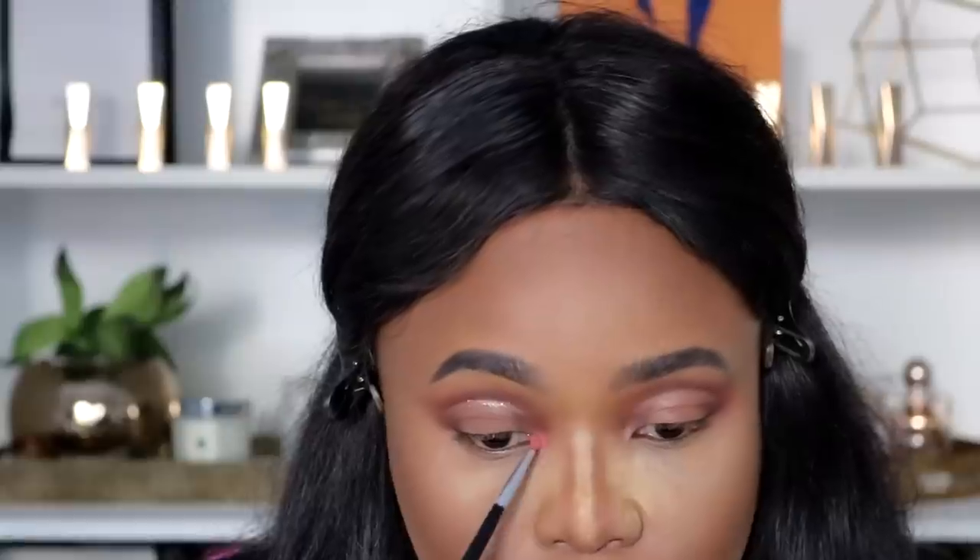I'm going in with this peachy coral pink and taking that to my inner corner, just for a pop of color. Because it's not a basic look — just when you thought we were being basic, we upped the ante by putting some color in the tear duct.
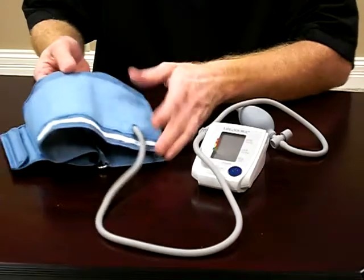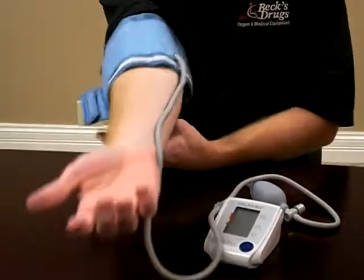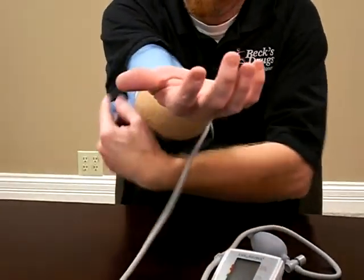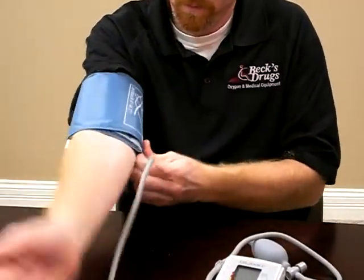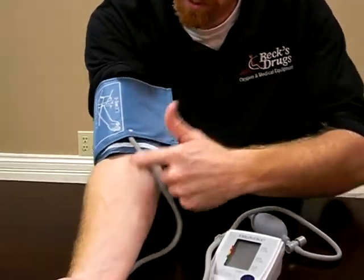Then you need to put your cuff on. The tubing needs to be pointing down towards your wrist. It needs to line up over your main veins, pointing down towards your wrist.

------------------------------------------------

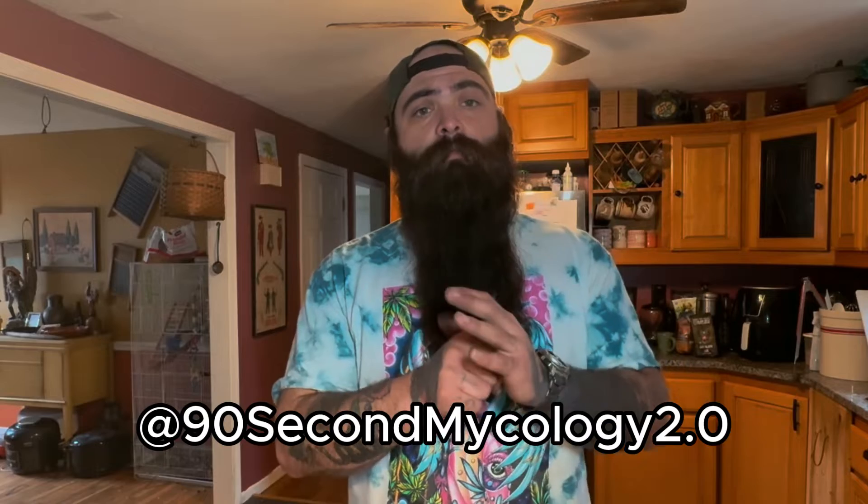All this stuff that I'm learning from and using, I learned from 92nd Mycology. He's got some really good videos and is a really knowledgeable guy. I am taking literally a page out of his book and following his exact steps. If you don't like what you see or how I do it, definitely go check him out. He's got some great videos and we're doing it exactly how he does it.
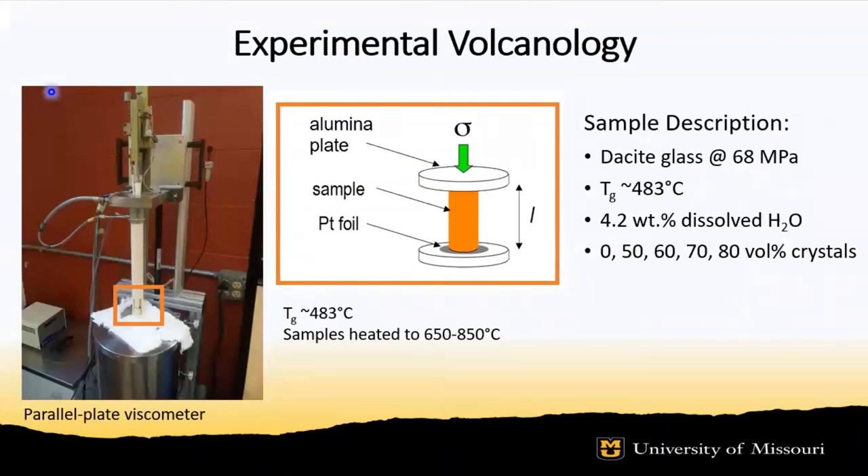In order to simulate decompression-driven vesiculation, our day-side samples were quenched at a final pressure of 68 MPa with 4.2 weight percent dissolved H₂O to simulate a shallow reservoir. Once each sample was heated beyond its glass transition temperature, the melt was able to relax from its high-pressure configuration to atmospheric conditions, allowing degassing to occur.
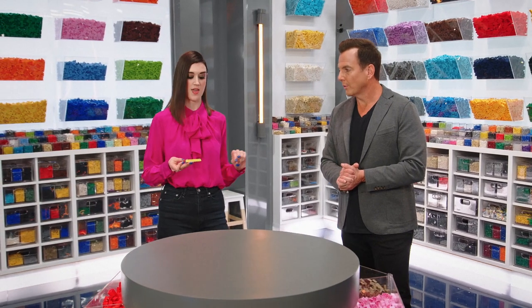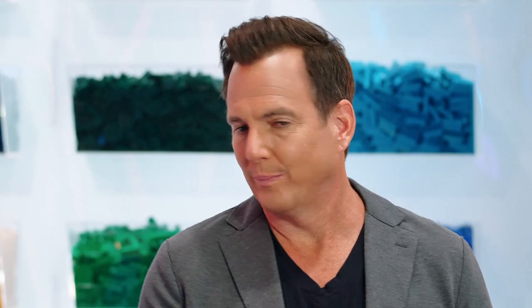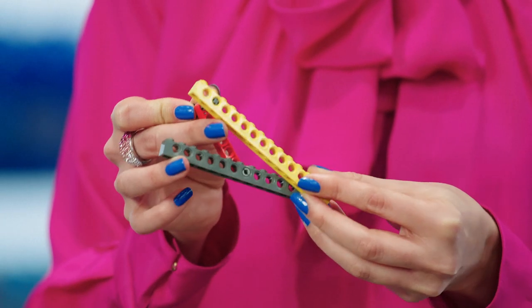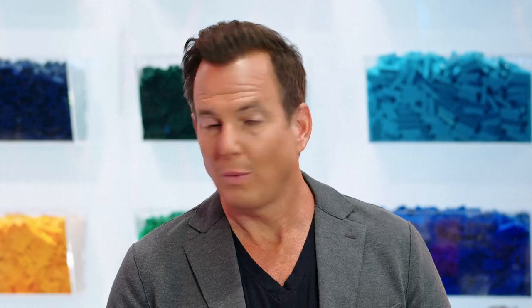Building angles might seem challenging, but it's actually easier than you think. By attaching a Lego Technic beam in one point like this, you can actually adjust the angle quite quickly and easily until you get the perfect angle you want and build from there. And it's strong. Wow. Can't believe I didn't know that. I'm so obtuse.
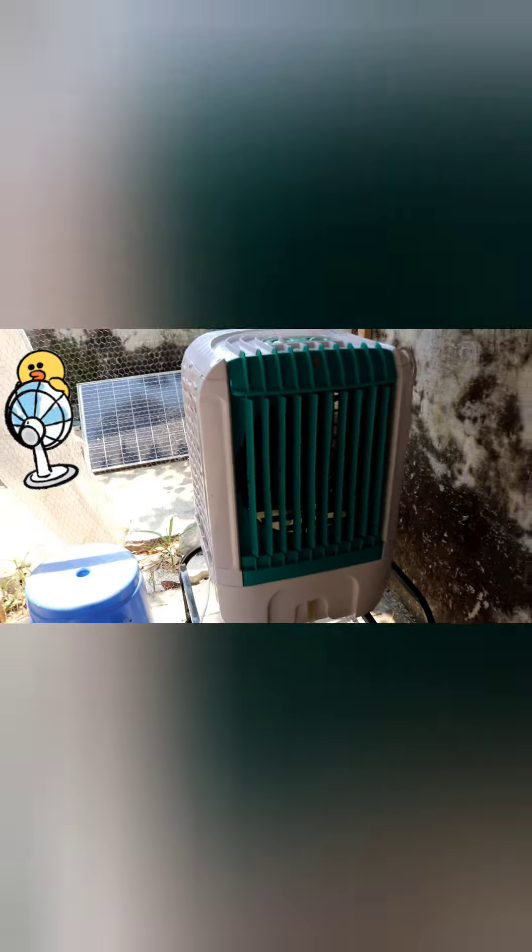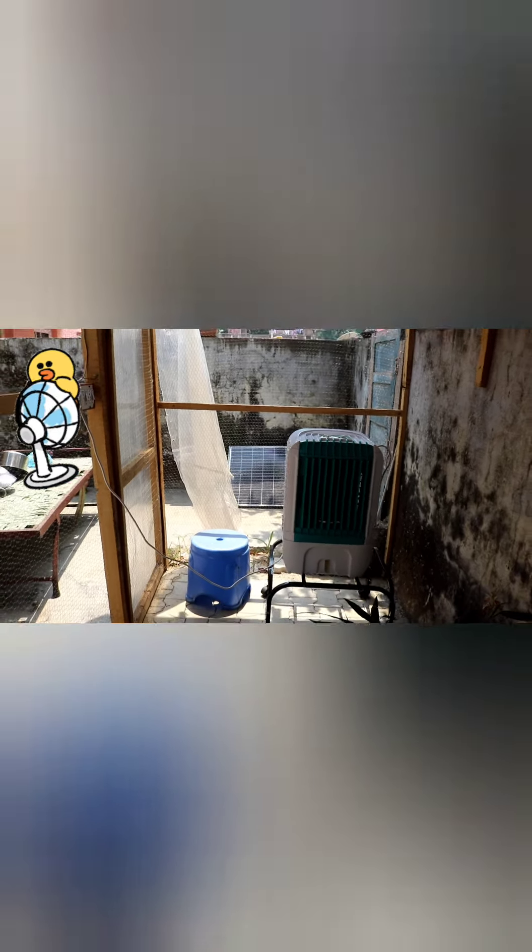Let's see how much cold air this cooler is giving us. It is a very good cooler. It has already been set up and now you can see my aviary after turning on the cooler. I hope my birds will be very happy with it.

------------------------------------------------

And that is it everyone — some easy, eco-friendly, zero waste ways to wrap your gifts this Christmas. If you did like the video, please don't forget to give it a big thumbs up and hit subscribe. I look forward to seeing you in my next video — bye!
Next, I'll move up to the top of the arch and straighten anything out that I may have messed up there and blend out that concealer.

------------------------------------------------

From the listing above, repeat only the lines between the line containing "I'm going in" and the line containing "Then you need", those two included. Pictures are not part of the copy.

== ANSWER TO THIS PROBLEM ==
I'm going in with this peachy coral pink and taking that to my inner corner, just for a pop of color. Because it's not a basic look — just when you thought we were being basic, we upped the ante by putting some color in the tear duct.
Then you need to put your cuff on. The tubing needs to be pointing down towards your wrist. It needs to line up over your main veins, pointing down towards your wrist.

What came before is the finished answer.